DESCRIPTION (provided by applicant): The proposed study is designed to determine how distinct subsets of melanocyte stem cells (MSCs) we have identified are regulated and maintained in the stem cell state and contribute to pigment regeneration. The rationale for the study is based upon our discovery that MSCs not only populate a region of the murine hair follicle (HF) termed the bulge, also the site of keratinocyte stem cells (KcSCs) of the HF, but also the secondary hair germ (SHG), a transient structure at the base of the telogen, or resting, HF adjacent to the dermal papilla. Our laboratory has developed methods to separate and study these two cell subsets in the viable state using a combination of a unique transgenic mouse system and fluorescence-activated cell sorting (FACS).The objectives of our studies are to determine which of these MSC subsets has greater regenerative potential, and to describe the interrelationship between and maintenance determinants of these distinct subsets. To realize this objective, we plan to test in vitro and in vivo the capacity of these cell subsets to self-renw, maintain quiescence, and also regenerate pigmentation in previously unpigmented living HFs. These studies will be accomplished a unique, bitransgenic mouse line we have developed, Dct-H2BGFPki, in combination with the FACS facility and other core resources associated with my research laboratory located in the Department of Biochemistry and Molecular Biology at the University of Maryland School of Medicine. The results of these studies should have a positive impact on the health care of the general public.
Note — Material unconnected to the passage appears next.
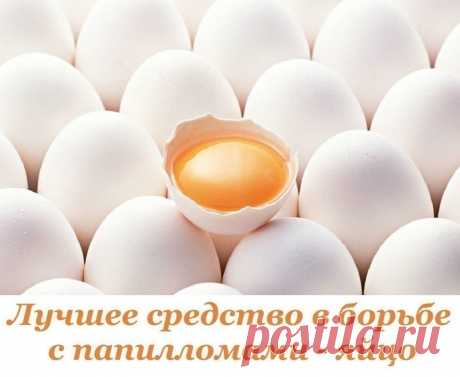(88) Одноклассники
By determining which murine MSC subsets are most effective at regenerating pigmentation, we will be able to apply that knowledge to human melanocytes, isolating or generating human cells with potent regenerative properties. These cells can be developed to treat patients with the depigmenting disease vitiligo or for regenerating pigmentation in healing wounds or scars. In addition, stem cells are related to cancer because genes repressed epigenetically in stem cells are more likely to be suppressed in the corresponding cancer cell type. By determining the epigenetic state of key melanocyte and growth genes in MSCs, we may highlight molecular mechanisms leading to irreversible gene repression in melanoma developing, thereby revealing how particular cells of origin contribute to the development of this particular malignancy.

描述(申请人提供)：这项拟议的研究旨在确定我们已经鉴定的黑素细胞干细胞(MSCs)的不同亚群如何被调节和维持在干细胞状态，并有助于色素再生。这项研究的基本原理是基于我们的发现，间充质干细胞不仅分布在小鼠毛囊(HF)中称为隆起的区域，也是毛囊的角质形成干细胞(KcSCs)的位置，而且还存在于次级毛胚(SHG)，这是一种位于毛乳头附近的端原或静止毛囊的临时结构。我们的实验室利用独特的转基因小鼠系统和荧光激活细胞分选(FACS)相结合的方法来分离和研究这两个存活状态的细胞亚群。我们研究的目的是确定这些MSC亚群中哪些具有更大的再生潜力，并描述这些不同亚群之间的相互关系和维持决定因素。为了实现这一目标，我们计划在体外和体内测试这些细胞亚群自我更新、保持静止的能力，并在以前未着色的活体HFs中再生色素沉着。这些研究将由我们开发的独特的双转基因小鼠品系DCT-H2BGFPki与FACS设施和其他核心资源相结合来完成，这些资源与我位于马里兰大学医学院生物化学和分子生物学系的研究实验室相关。这些研究的结果应该会对普通公众的医疗保健产生积极的影响。通过确定哪些小鼠MSC亚群在再生色素沉着方面最有效，我们将能够将这一知识应用于人类黑素细胞，分离或产生具有强大再生特性的人类细胞。这些细胞可以用来治疗正在脱色的白癜风患者，或者在愈合的伤口或疤痕中再生色素沉着。此外，干细胞与癌症有关，因为在干细胞中表观遗传抑制的基因更有可能在相应的癌细胞类型中被抑制。通过确定MSCs中关键黑素细胞和生长基因的表观遗传状态，我们可以揭示导致黑色素瘤发生发展中不可逆转基因抑制的分子机制，从而揭示特定来源的细胞如何促进这种特定恶性肿瘤的发展。